The size of the original cephalometric x-ray images was too large, and irrelevant information could prevent from predicting landmark precisely with only one network. Therefore, in this study, we proposed a cascade CNN which consists of two steps to transfer learning manner. In the first step, the ROIs were predicted by using RetinaNet. In the second step, U-Net was used to detect the precise landmarks in those ROIs with relevant information, which significantly enhanced the overall accuracy of this landmark prediction to those of the other methods (Table 2). Furthermore, we demonstrated superior performance over recently existing regression-based models22 and single detection models15.
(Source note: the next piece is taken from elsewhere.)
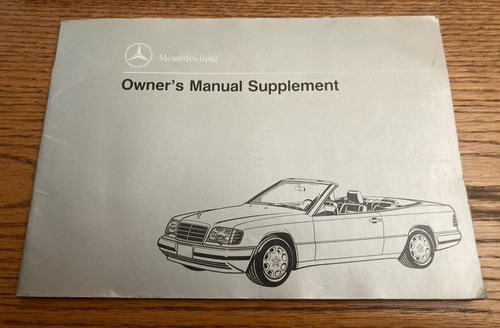 1994 mercedes benz cabriolet - 1994,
In general, orthodontists need a variable field of view to detect each landmark, which leads to training the model with variable sized ROIs. To identify the landmark, it was more effective to match the ROI sizes of each landmark to the field of view of the orthodontist. In addition, this method shows substantially better intra-observer variation compared to the orthodontist, meaning that this method shows robust accuracy.
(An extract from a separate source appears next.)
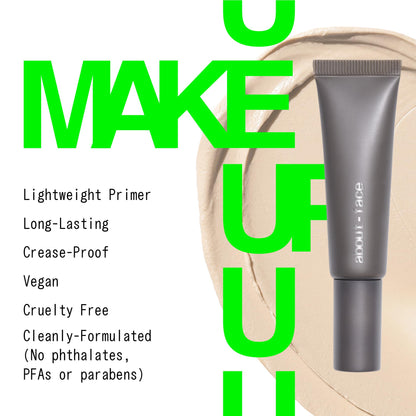 about-face Shadow Fix Eye Primer – Long-Wear, Crease-Proof Base, 0.405 oz – Vegan & Cruelty-Free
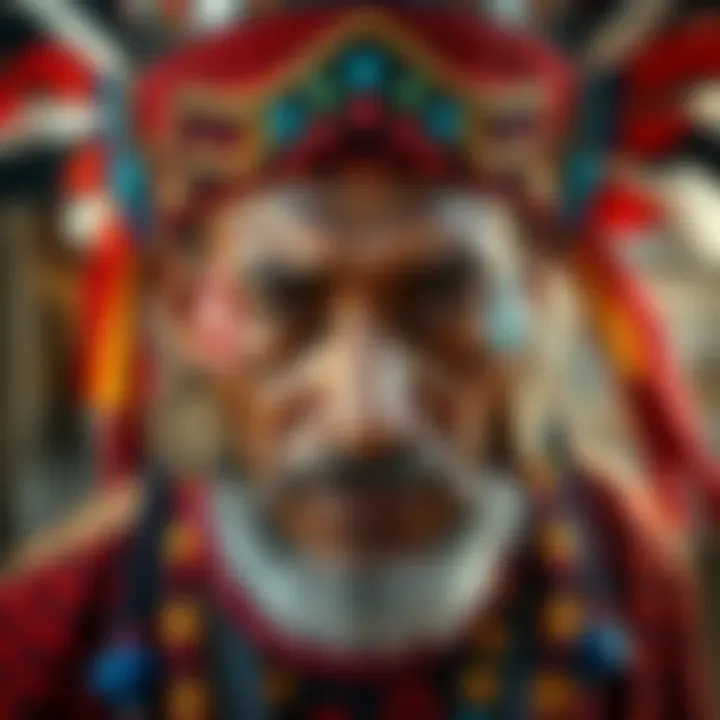 Christian Thompson's King Billy Project: Identity and History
Previous studies investigated a limited number (< 20) of hard tissue landmarks, and the results could not be satisfactory in clinical orthodontic practice12,13. Recently, Hwang et al. reported the accuracy of 42 landmarks, including 23 hard tissue landmarks and 19 soft tissue landmarks16. However, the study did not consider all possible landmarks for hard tissue analysis, soft tissue analysis, and occlusal plane analysis. With the results of this model, we could analyse the occlusal plane as well as hard and soft tissue analysis.

In this study, there are several limitations. First, this study was only evaluated with a dataset from a single centre and a single observer. Therefore, we need to extend this study with datasets from multi-centres, multi-vendors, and multi-observers. We suspected that the high quality of gold standard for training by as single observer would cause the accuracy of our model to be comparable to those of an expert orthodontist. In addition, this study could suffer from disease prevalence, partially caused by a single centre. Therefore, we need to test our model in varied clinical settings of maxilla-facial surgery and plastic surgery, which need to automated cephalometric analysis, as well.

Conclusion

In this paper, we propose the idea of connecting two different models in a cascade manner to develop a fully automated landmark prediction model in cephalometric x-ray images. The model with the cascading CNN with variable ROI size shows significantly better accuracy than the other models, and is comparable to the expert orthodontist with more than 20 years’ experience and could be applied in actual clinical practice.